26 noviembre 2024

En busca del tiempo perdido, en Alfaguara

 


Durante años me acosté temprano. A veces, nada más apagar la vela, los ojos se me cerraban tan deprisa que no me daba tiempo ni a decirme: «Me estoy durmiendo». Y al cabo de media hora, el pensamiento de que había que ir buscando el sueño me despertaba; quería dejar el volumen que aún creía tener entre las manos y apagar la luz de un soplo; no había dejado de reflexionar, mientras dormía, sobre lo que acababa de leer, pero esas reflexiones habían adoptado un sesgo un tanto peculiar, me parecía ser yo mismo aquello de lo que hablaba la obra: una iglesia, un cuarteto, la rivalidad de Francisco I y Carlos V. Esta creencia sobrevivía unos segundos a mi despertar; no me parecía descabellada, pero me pesaba como escamas sobre los ojos y les impedía darse cuenta de que la palmatoria ya no estaba encendida. Después empezaba a volvérseme ininteligible, como los pensamientos de una existencia anterior tras la metempsicosis; el tema del libro se desligaba de mí, y yo era libre de sumirme o no en él; no tardaba en recobrar la visión y se me hacía muy raro encontrar a mi alrededor una oscuridad suave y sosegante para los ojos, pero tal vez aún más para la mente, a la que se revelaba como algo sin causa, incomprensible, como una cosa en verdad oscura. Me preguntaba qué hora sería; oía el silbido de los trenes, que más o menos alejado, como el canto de un pájaro en un bosque, al dar la medida de las distancias me describía la extensión de la campiña desierta por la que el viajero se apresura hacia la estación cercana; y el sendero que recorre se va a grabar en su recuerdo por la excitación debida a lugares nuevos, a actos desacostumbrados, a la charla reciente y la despedida bajo la lámpara ajena que lo siguen acompañando en el silencio de la noche, a la inminente dulzura del regreso.
Apoyaba suavemente las mejillas en las hermosas mejillas de la almohada, que por su redondez y su frescor son como las de nuestra infancia. Encendía un fósforo para mirar el reloj. Pronto serían las doce. Es el instante en que el enfermo que se ha visto obligado a salir de viaje y ha tenido que acostarse en un hotel desconocido, y al que ha despertado una crisis, se alegra de ver bajo la puerta una rendija de luz. ¡Menos mal, ya es de día! Dentro de un rato los criados se habrán levantado, podrá llamar, vendrán a socorrerlo. La esperanza de verse aliviado le infunde valor para sufrir. Precisamente le ha parecido oír pasos; los pasos se acercan y luego van alejándose. Y la rendija de luz bajo la puerta desaparece. Es medianoche; acaban de apagar el gas; el último criado se ha marchado y habrá que pasarse toda la noche sufriendo sin remedio.

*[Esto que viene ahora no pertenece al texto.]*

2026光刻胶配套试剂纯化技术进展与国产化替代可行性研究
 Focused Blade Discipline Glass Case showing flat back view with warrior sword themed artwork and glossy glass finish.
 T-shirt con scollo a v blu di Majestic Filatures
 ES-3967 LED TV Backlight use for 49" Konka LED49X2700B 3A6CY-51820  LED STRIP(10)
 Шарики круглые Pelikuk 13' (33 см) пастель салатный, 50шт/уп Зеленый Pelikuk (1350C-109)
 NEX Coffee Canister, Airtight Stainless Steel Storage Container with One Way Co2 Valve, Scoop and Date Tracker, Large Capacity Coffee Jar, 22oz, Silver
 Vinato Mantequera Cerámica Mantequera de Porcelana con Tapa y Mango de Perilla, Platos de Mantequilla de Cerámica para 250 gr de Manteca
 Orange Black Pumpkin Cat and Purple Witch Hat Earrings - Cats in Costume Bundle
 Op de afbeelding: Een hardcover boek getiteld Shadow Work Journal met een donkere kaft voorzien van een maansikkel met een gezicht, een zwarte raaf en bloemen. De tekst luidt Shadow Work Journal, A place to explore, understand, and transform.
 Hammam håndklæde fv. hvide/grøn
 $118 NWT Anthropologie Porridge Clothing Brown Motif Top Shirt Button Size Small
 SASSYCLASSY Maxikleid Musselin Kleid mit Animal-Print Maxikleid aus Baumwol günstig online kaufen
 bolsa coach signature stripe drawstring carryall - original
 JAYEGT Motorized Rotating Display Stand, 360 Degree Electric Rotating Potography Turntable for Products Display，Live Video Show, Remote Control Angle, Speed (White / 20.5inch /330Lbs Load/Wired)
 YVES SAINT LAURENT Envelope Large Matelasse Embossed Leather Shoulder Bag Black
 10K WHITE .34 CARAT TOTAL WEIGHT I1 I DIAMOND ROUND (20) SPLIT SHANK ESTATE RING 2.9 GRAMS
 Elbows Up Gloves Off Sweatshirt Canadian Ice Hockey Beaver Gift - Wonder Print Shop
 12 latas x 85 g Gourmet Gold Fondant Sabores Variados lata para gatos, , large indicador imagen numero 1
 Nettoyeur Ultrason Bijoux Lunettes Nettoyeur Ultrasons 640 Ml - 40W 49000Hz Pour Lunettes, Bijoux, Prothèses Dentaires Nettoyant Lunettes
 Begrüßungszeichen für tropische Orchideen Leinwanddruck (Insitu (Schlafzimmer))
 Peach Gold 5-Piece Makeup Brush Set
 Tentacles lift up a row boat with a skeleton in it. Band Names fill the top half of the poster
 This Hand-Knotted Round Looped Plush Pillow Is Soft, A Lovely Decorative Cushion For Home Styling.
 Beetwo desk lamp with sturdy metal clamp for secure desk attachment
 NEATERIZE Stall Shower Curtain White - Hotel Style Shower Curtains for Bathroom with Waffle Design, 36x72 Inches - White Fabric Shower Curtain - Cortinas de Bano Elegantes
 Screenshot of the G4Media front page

Así comienza Por el camino de Swann, la primera de las siete entregas de En busca del tiempo perdido, en la nueva traducción de Mercedes López-Ballesteros, que publica Alfaguara, que asume así el proyecto de Javier Marías de editar en Reino de Redonda esta nueva y espléndida versión del ciclo proustiano.

Su primera parte, Combray, toma su título de la transposición literaria de Illiers, un lugar a cuarenta kilómetros de Chartres, donde proyectó Proust sus recuerdos infantiles y donde se sitúa el recuerdo evocado en la experiencia epifánica de la magdalena mojada en la infusión de té que le ofrece su madre: la de la magdalena mojada en té que le ofrecía los domingos por la mañana su tía Léonie en su infancia en Combray.

La segunda parte del volumen, Un amor de Swann, tiene en ese episodio del refinado Charles Swann enamorado de Odette una serie de características propias que por un lado le dan una cierta autonomía narrativa y por otro contienen muchas de las claves temáticas y tonales del ciclo. 

Y así, en las dos partes de Por el camino de Swann está ya prefigurado, si no configurado del todo, el monumental ciclo novelístico proustiano: la atmósfera y la mirada, las evocaciones y las digresiones, la sintaxis compleja y el ritmo demorado, la memoria involuntaria y la búsqueda, la voz baja y la mirada furtiva, el detalle y el sufrimiento, el placer y la angustia, el silencio y la soledad, el refinamiento y la melancolía, el mundo de las sensaciones y la subjetividad, la experiencia y las revelaciones, la civilización refinada y la anécdota trivial, la ética y la estética, los “jardines en una taza de té”, que fue el primer título pensado para el conjunto novelístico.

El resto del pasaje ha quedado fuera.